#### Raw data ####
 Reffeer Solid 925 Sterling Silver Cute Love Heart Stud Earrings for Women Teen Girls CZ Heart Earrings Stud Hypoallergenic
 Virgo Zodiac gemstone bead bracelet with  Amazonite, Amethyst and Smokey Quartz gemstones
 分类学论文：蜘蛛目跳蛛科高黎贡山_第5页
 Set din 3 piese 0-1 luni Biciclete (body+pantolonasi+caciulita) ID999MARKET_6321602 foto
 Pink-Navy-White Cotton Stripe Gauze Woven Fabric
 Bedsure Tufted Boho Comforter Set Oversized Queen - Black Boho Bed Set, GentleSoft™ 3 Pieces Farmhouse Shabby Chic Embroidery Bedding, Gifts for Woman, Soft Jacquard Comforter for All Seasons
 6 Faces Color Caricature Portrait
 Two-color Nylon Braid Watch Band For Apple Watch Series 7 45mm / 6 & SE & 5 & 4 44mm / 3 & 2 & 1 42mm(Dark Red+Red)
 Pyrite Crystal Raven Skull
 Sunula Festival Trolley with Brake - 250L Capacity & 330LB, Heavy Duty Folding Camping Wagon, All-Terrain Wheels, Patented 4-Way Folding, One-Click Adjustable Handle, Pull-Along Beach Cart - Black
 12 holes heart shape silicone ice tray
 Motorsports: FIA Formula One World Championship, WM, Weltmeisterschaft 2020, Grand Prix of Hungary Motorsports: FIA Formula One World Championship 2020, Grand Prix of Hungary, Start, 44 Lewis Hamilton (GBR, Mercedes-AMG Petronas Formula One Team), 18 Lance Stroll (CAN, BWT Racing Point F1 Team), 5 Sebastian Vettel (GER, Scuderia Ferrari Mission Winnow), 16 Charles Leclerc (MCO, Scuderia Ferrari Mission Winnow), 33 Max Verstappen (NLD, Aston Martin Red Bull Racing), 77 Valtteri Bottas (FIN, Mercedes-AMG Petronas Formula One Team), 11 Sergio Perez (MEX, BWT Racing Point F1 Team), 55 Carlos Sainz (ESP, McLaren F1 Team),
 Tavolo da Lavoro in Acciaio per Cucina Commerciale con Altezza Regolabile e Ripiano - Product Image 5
####
> **The problem**:
Repeat the records above line by line, from the first line through the line that contains "Pyrite Crystal Raven Skull".

> **Answer space**:
 Reffeer Solid 925 Sterling Silver Cute Love Heart Stud Earrings for Women Teen Girls CZ Heart Earrings Stud Hypoallergenic
 Virgo Zodiac gemstone bead bracelet with  Amazonite, Amethyst and Smokey Quartz gemstones
 分类学论文：蜘蛛目跳蛛科高黎贡山_第5页
 Set din 3 piese 0-1 luni Biciclete (body+pantolonasi+caciulita) ID999MARKET_6321602 foto
 Pink-Navy-White Cotton Stripe Gauze Woven Fabric
 Bedsure Tufted Boho Comforter Set Oversized Queen - Black Boho Bed Set, GentleSoft™ 3 Pieces Farmhouse Shabby Chic Embroidery Bedding, Gifts for Woman, Soft Jacquard Comforter for All Seasons
 6 Faces Color Caricature Portrait
 Two-color Nylon Braid Watch Band For Apple Watch Series 7 45mm / 6 & SE & 5 & 4 44mm / 3 & 2 & 1 42mm(Dark Red+Red)
 Pyrite Crystal Raven Skull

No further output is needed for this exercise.